Valentin est son mari, également sourd. Ces deux-là signent et parlent quand ils communiquent. Nous sommes tous les quatre ce soir, trois sourds et un seul entendant : celui qui partage ma vie, mon mari. Chacun notre tour, on annonce un chiffre. Les chiffres, c’est comme les prénoms : ils sont plus difficiles à comprendre pour les personnes sourdes. Par exemple, six et dix sont impossibles à distinguer quand on lit sur les lèvres. Alors, on les annonce avec les doigts de la main.

En temps normal, mon mari est volubile et parle assez vite. Mais ce soir, il est plus à l’écoute et accompagne ses paroles de gestes. Je me remémore la première fois qu’il avait été projeté dans un monde de sourds, et qu’il avait découvert leur capacité à faire la fête.

Il en avait rencontré quelques-uns parmi mes amis. Mais jamais en groupe. Or, là, nous étions au mariage de Marie et Valentin, où un grand nombre d’invités étaient sourds et malentendants.

Au point que la photographe du mariage s’était entraînée avant le jour J à apprendre quelques signes. Prendre des photos de personnes sourdes demande de l’adaptation. En effet, comment attirer sinon l’attention d’un groupe de sourds occupés à discuter ? Point d’annonces en porte-voix ou de grands cris. L’expression « c’est tombé dans l’oreille d’un sourd » prend tout son sens !

Les discours passaient de l’oral à la langue des signes, avec du LPC en prime, tout cela avec fluidité. Les conversations vont bon train, ça bavarde et jase dans tous les sens ! Les sourds sont de grands bavards, c’est bien connu. Et ils ont aussi le sens de la fête.
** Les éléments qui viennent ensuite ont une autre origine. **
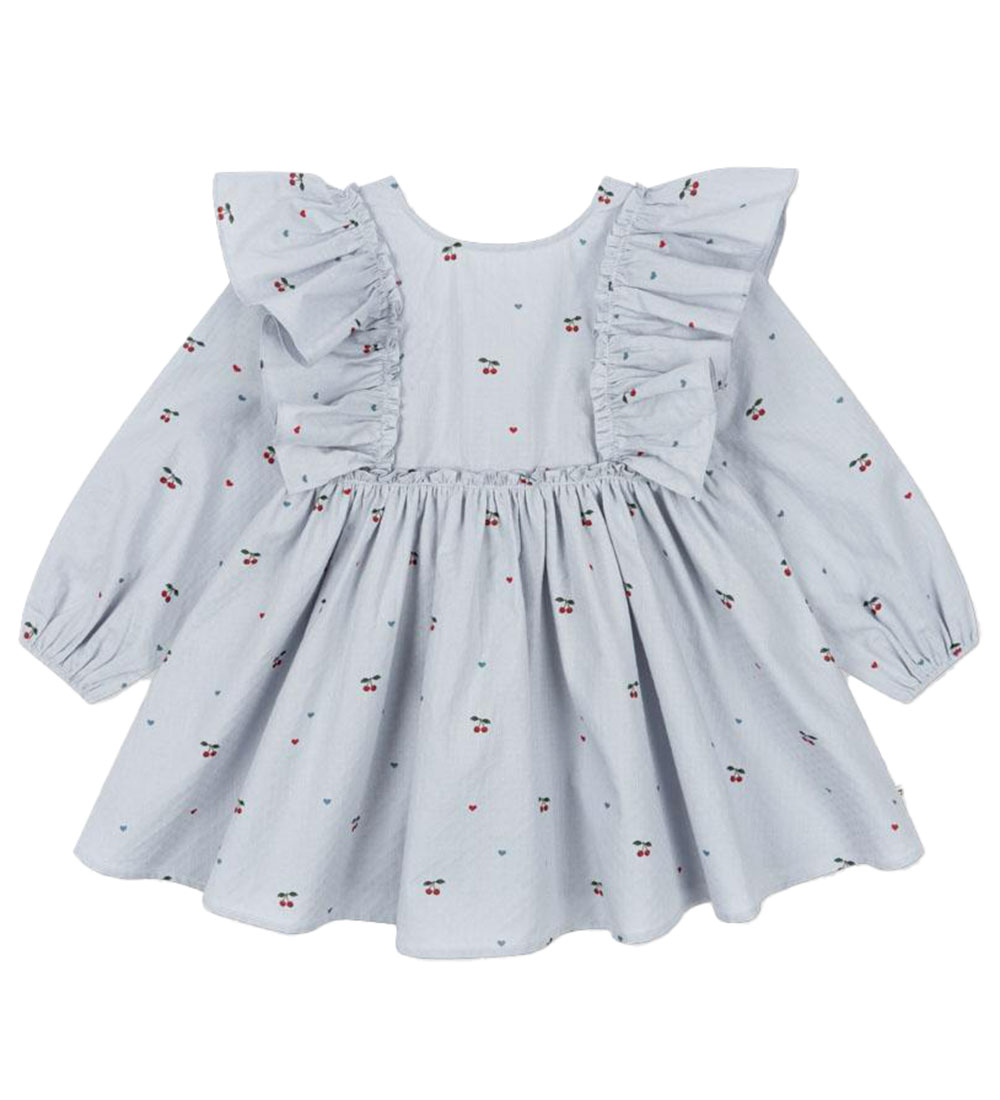 Konges Sløjd Kleid - Euböa - Cherry Blue Coeur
Quelle expérience ce fut alors pour mon mari, de nous voir tous danser et se déhancher au rythme des vibrations, alors que le dîner n’avait pas encore commencé ! Les mariés n’avaient pas encore rejoint leur table qu’ils avaient pris place au milieu de la piste de danse. Ça tape sur le parquet de la tente blanche, ça voltige dans tous les sens et les rires fusent. Voilà une belle entrée en la matière qui déconstruit le cliché des « sourds-muets » ! On a beau ne pas (bien) entendre, on n’hésite pas à montrer au monde que nous sommes pleinement vivants !

Aliénor Vinçotte, ombresetlumiere.fr – 16 mai 2023

* Les prénoms ont été changés

Portrait d'Alienor Vinçotte

Sourde de naissance, Aliénor Vinçotte est diplômée de Sciences Po et journaliste.